* _PROBLEM REQUIREMENTS_: What you return must match the listing below character for character, minus any pictures.

* _SOURCE MATERIAL_:
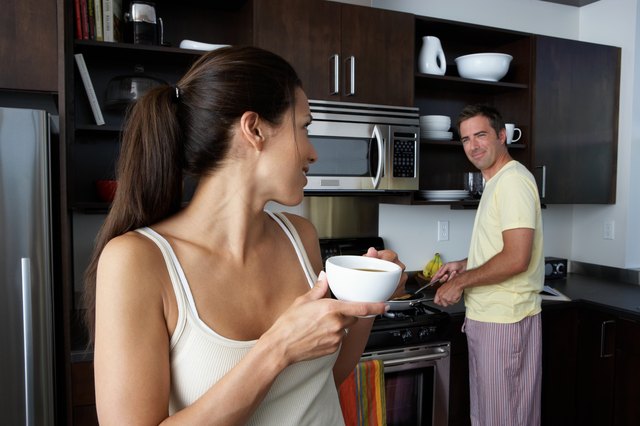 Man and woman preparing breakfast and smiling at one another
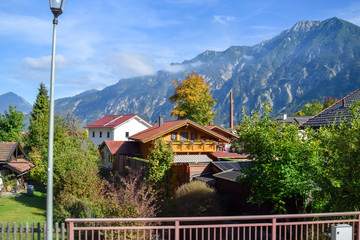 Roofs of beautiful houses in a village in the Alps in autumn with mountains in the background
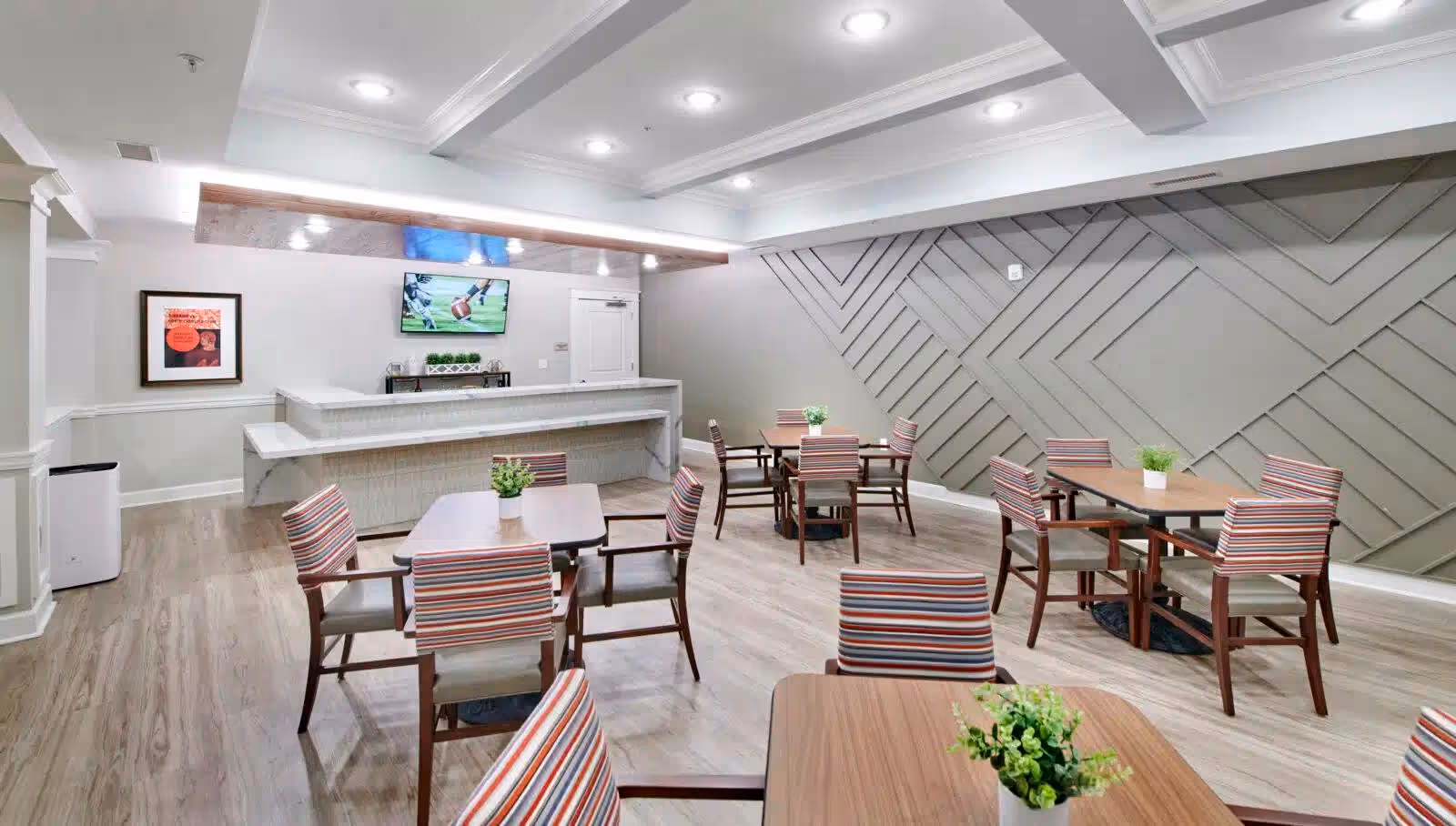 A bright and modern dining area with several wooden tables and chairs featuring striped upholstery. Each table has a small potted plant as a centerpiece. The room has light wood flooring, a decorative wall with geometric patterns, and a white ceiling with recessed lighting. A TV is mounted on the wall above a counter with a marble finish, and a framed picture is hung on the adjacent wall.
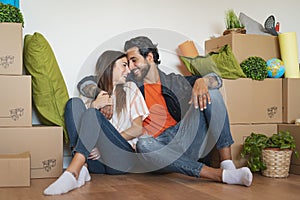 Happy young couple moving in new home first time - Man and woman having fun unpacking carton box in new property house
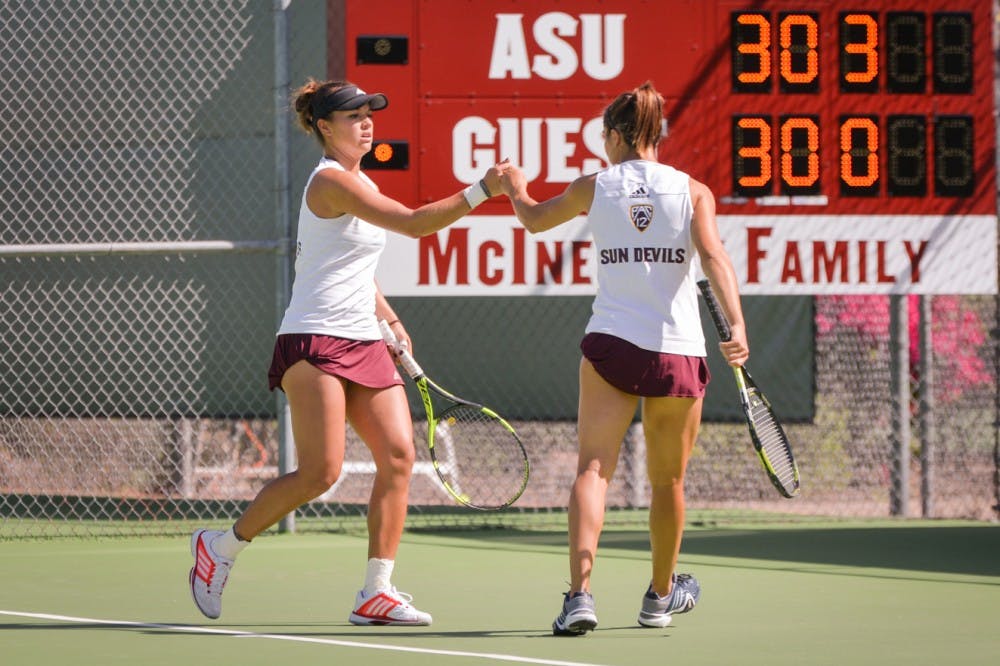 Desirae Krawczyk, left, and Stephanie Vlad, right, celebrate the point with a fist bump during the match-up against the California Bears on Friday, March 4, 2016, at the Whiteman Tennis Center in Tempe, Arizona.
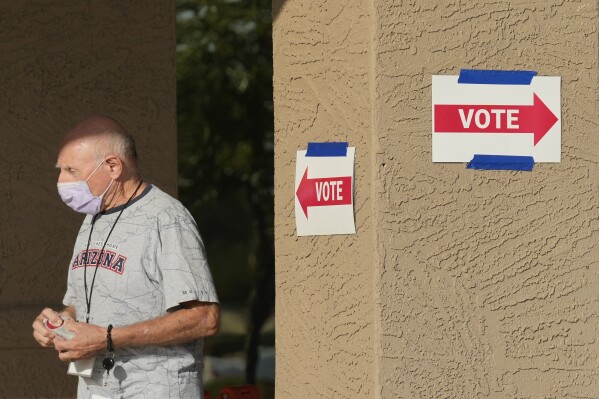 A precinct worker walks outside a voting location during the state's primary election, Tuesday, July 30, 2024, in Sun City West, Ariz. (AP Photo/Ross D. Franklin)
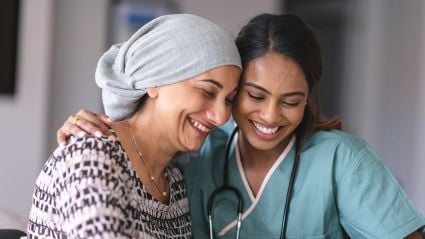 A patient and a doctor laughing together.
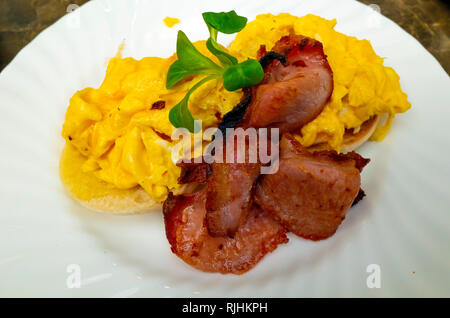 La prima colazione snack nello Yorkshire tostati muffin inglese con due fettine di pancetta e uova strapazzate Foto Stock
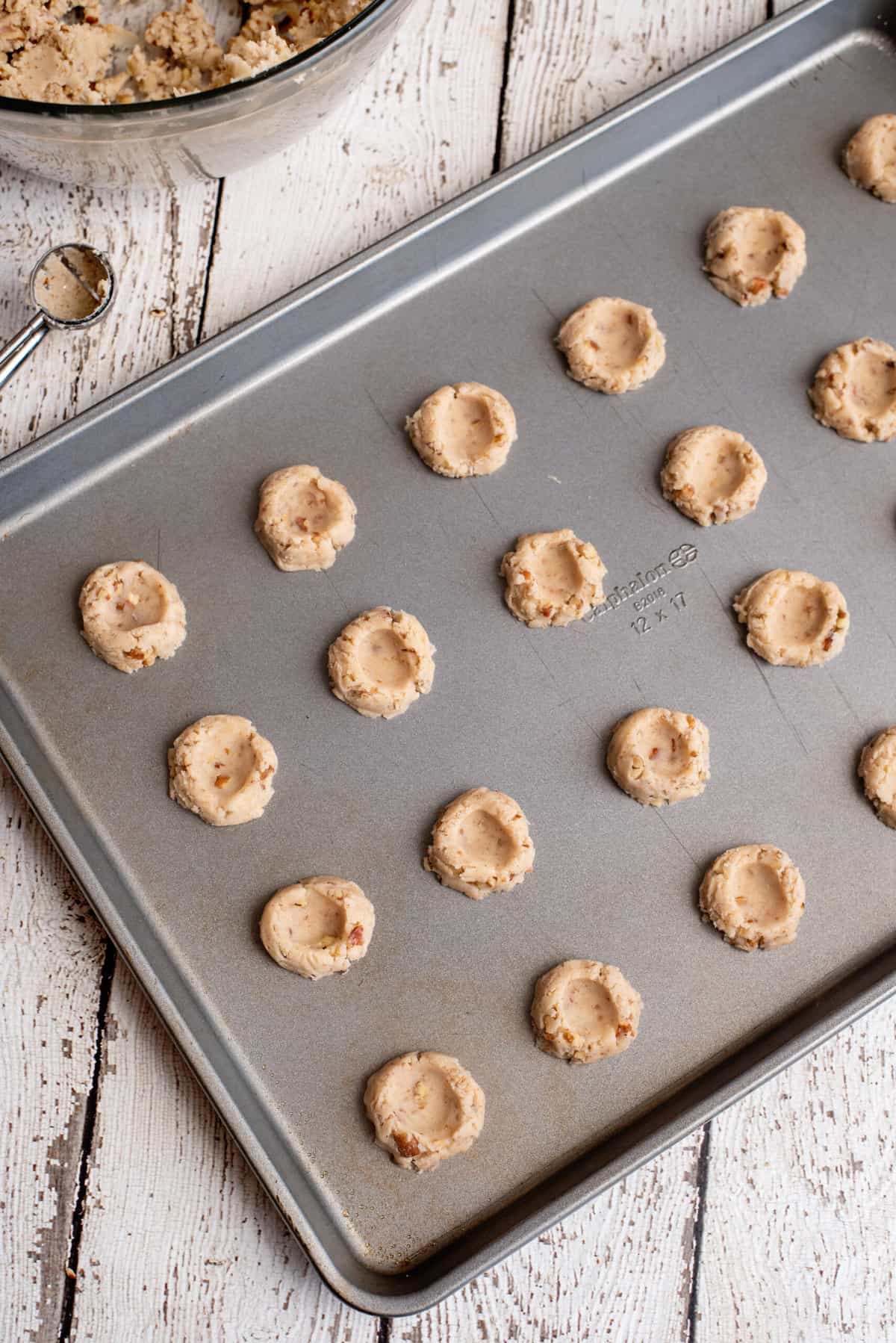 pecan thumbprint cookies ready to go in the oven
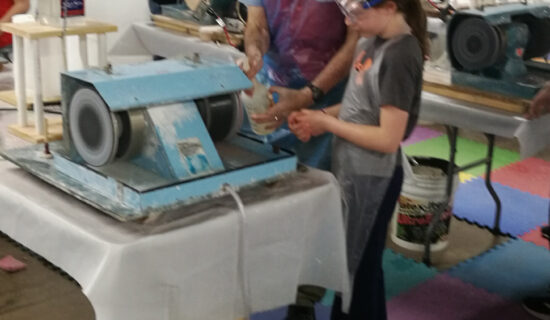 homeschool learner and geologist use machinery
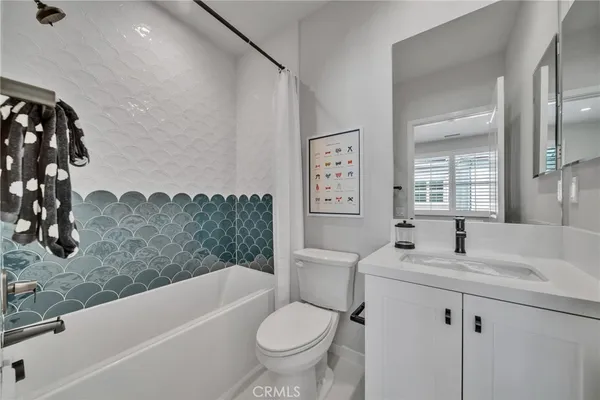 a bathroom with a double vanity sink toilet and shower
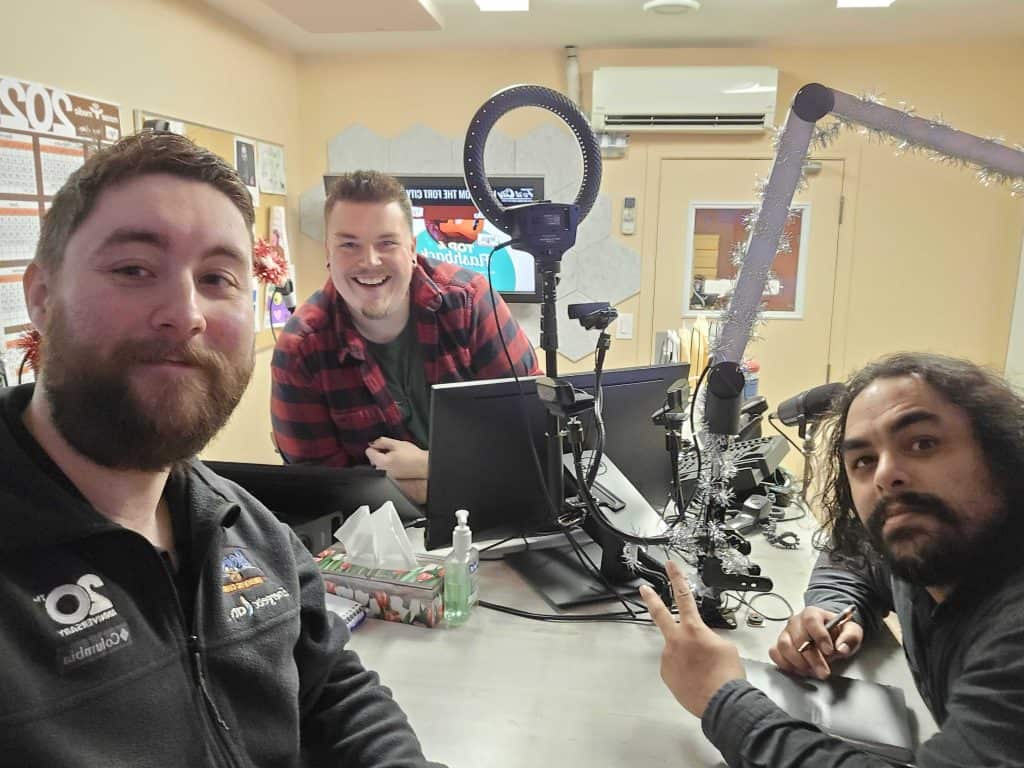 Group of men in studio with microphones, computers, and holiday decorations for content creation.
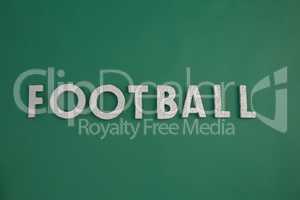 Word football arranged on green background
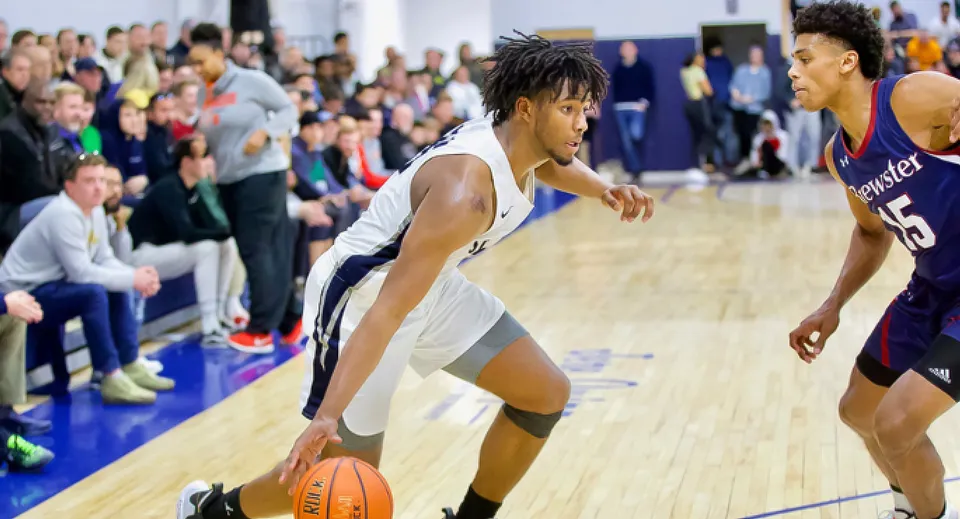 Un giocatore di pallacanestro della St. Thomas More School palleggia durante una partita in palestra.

* _OUTPUT OF THE EXERCISE_:
 Man and woman preparing breakfast and smiling at one another
 Roofs of beautiful houses in a village in the Alps in autumn with mountains in the background
 A bright and modern dining area with several wooden tables and chairs featuring striped upholstery. Each table has a small potted plant as a centerpiece. The room has light wood flooring, a decorative wall with geometric patterns, and a white ceiling with recessed lighting. A TV is mounted on the wall above a counter with a marble finish, and a framed picture is hung on the adjacent wall.
 Happy young couple moving in new home first time - Man and woman having fun unpacking carton box in new property house
 Desirae Krawczyk, left, and Stephanie Vlad, right, celebrate the point with a fist bump during the match-up against the California Bears on Friday, March 4, 2016, at the Whiteman Tennis Center in Tempe, Arizona.
 A precinct worker walks outside a voting location during the state's primary election, Tuesday, July 30, 2024, in Sun City West, Ariz. (AP Photo/Ross D. Franklin)
 A patient and a doctor laughing together.
 La prima colazione snack nello Yorkshire tostati muffin inglese con due fettine di pancetta e uova strapazzate Foto Stock
 pecan thumbprint cookies ready to go in the oven
 homeschool learner and geologist use machinery
 a bathroom with a double vanity sink toilet and shower
 Group of men in studio with microphones, computers, and holiday decorations for content creation.
 Word football arranged on green background
 Un giocatore di pallacanestro della St. Thomas More School palleggia durante una partita in palestra.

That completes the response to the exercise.